In 2009 the CIC started a project to digitize U.S. federal documents held at its member libraries, said Mark Sandler, director of CIC Center for Library Initiatives.

“We’re now moving on to the University of Illinois, which has worked carefully to identify a substantial number of volumes to send. Then, in five or six months, we’ll move on to another CIC university,” he added.

Over 100,000 government documents from the University of Minnesota, Penn State and the University of Michigan have already been digitized, Sandler said.

“There are all sorts of documents being digitized,” Associate University Librarian for Collections Tom Teper said, citing examples such as congressional hearings and reports.

The U.S. Government Printing Office has been distributing federal documents to depository libraries since 1861.

“The CIC universities hold somewhere between one and 1.5 million of these, covering the political and social legacy of the United States, including Congressional, Judicial and Executive Branch documents,” Sandler said.

Local newspapers have also been digitized by the library, including copies of The Daily Illini, an Illini Media publication, from 1916-1945 and the now-defunct Urbana Daily Courier from 1903-1935.

“Normally the starting point for looking for events in a newspaper is the date,” said Mary Stuart, history and philosophy librarian at the University. “Digitizing allows us to search newspapers by topic.”

Newspapers offer a good insight into the local history of Champaign-Urbana, Stuart added. For instance, she said newspaper records show a black University law student suing a Campustown diner that refused to serve him in 1927.

Although there is a cost to digitizing, Kruger said the overall cost is very inexpensive.

“We have had sufficient funding to do approximately 5,000 books per year through the Internet Archive,” Kruger said.

“The costs of digitization include the processing of files, formatting and storage of the material.”

The scanning and transportation of books to the facility where they scanned are paid for by Google if it is done through the Google Books Library Project.

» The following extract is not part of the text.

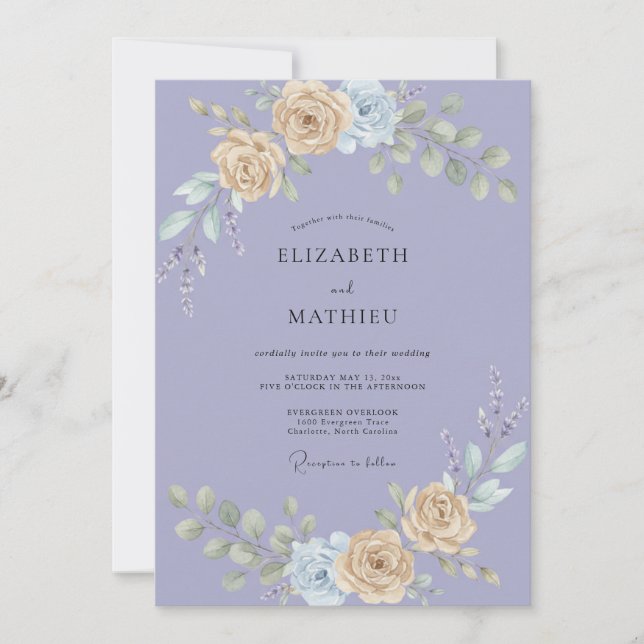Invitation Mariage au Ranunculus Pervenche Champagne et Eucal (Devant)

The University Library does pay for “the preparation, retrieving and creating an electronic record of the material being sent for scanning, and the re-shelving of the material,” Kruger said.

Sandore added that other items can be quite expensive to digitize, such as a map that might take one to two gigabytes of storage space and require a special wide format scanner.

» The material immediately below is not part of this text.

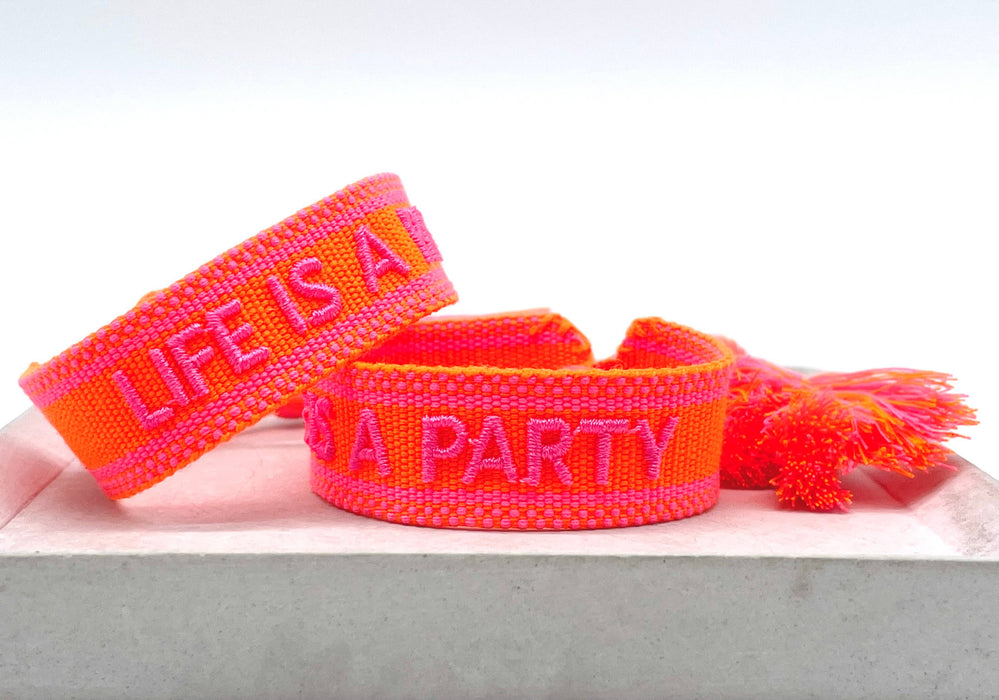 LIFE IS A PARTY statement bracelet woven, embroidered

On average, about 500 pages per hour are scanned using two scribe book scanner machines owned by the Internet Archive, which equates to about 15 to 20 volumes being digitized per day.

The scanners are designed to minimize the wear and tear on the books, but not all material can be scanned, because “we have identified some material as too fragile to scan and irreplaceable,” Sandore said.

By the end of the Google Books Project, the University Library hopes to digitize between 800,000 to 1,000,000 volumes.

“We are building the library of the future, by preserving materials for scholars for years and years,” Kruger said.